Educar es canalizar la energía del individuo, es dirigir el móvil de la razón, que puede ser hacia la ambición que busca el poder, o hacia el amor que busca la verdad; es elevar a la persona al nivel de gestor de su vida, consciente de sí mismo, con el ejercicio soberano de sus recursos.
Ciudad de México a 3 de mayo de 2021
Estimada comunidad IEE:
Todavía con los ecos del Día del Niño, a quienes mucho festejamos, pero en quienes poco pensamos a futuro, enfrentamos el regreso presencial a clases que parece presentar polémicas muy serias: ¿debe seguir la educación virtual o ser presencial?, ¿o quizá un modelo híbrido?; ¿los grupos con 30 ó 50% de alumnos?; ¿con semáforo amarillo es suficiente para pensar en presencialidad o debemos esperar a estar en verde?
Esas preocupaciones son válidas, pero no atienden a la verdadera discusión que sobre la educación de los menores debemos plantear, y que genera preguntas que no vemos sobre la mesa: ¿debemos potenciar la visión crítica y disidente o de cohesión social?; ¿procurar personalidades innovadoras y creativas o que mantengan la identidad tradicional?; ¿enfocarnos en desarrollar sólo competidores en el mercado laboral o aspirar a una formación integral de la persona?, entre muchos otros dilemas, que no enfocan la forma o modo, sino el fondo o sentido de un proceso educativo.
El hombre no es un simple animal a quien hay que proteger de los contagios.

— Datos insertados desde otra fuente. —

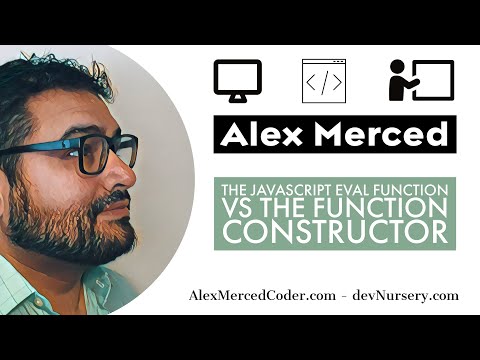 Am Coder Javascript Eval Vs The Function Constructor Dont Use Eval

Nuestra naturaleza humana presenta una doble estructura corporal y espiritual, que crea condiciones especiales para formar tanto la mente como el corazón, además del cuerpo, por lo que exige organizaciones físicas y espirituales que atiendan ese proceso que llamamos educación y al que necesitamos ver como una labor artesanal de pulir, de acuñar al sujeto, es decir, la estructuración de su personalidad.
¿Cuál es el ideal de ser humano, de ciudadano, de mexicano, que aspiramos a formar?, debe ser la pregunta principal y entonces enfocar todos los medios para cumplir ese monumental reto. Estructurar una forma de ser nacional debe comenzar invariablemente con la definición de un ideal de persona.
No se trata, pues, de subordinar la sabiduría al servicio del método, como parece ser en la actualidad, sino que el método correcto descubra esa sabiduría que entiende la existencia de un orden que no creamos ni fabricamos, sino que descubrimos y acatamos; cualquier reflexión debe ser sobre los fines de la educación, pues en ellos se construye el destino del hombre, el puesto que ocupa en la naturaleza y las relaciones entre los seres humanos.
En un México tan lastimado y dividido como lo vivimos hoy, donde la ley del tuerto se modifica y los ciegos no lo nombran rey, sino que lo matan porque se atreve a ver más, donde abundan los casos de niños huérfanos de padres vivos, donde la vulgaridad campea a sus anchas y hace ver mal a la grandeza, toma tintes de verdadero nacionalismo transformar a los niños en muchachos sanos y luego en hombres cultos que sepan pensar, hablar, pero sobre todo vivir.
Educar es canalizar la energía del individuo, es dirigir el móvil de la razón, que puede ser hacia la ambición que busca el poder, o hacia el amor que busca la verdad; es elevar a la persona al nivel de gestor de su vida, consciente de sí mismo, con el ejercicio soberano de sus recursos. Para ello, como aconsejó Platón, ni demasiada severidad, ni demasiada dulzura; se necesita un rigor con afecto visible, carecer de uno de ellos es ser un educador manco.
Imaginemos regalarles un sistema enfocado a la grandeza individual desde pequeños, formador de un modelo de mexicano estándar que viva: con la libertad de San Francisco, el honor y bravura de Juana de Arco, la grandeza de alma del Quijote de la Mancha, la serena sabiduría de Aristóteles, el misticismo de Teresa de Ávila, la enorme cultura e inteligencia de nuestro paisano Gómez Robledo; pero que sepa morir como Sócrates. Entonces habremos alcanzado el mejor sistema educativo para los niños y jóvenes de todos los tiempos y de todos los lugares, cuyo fruto es un hombre nuevo para que construya un nuevo mundo, y que atesora en él mismo la mayor grandeza que se puede alcanzar: un alma de oro en un cuerpo de hierro.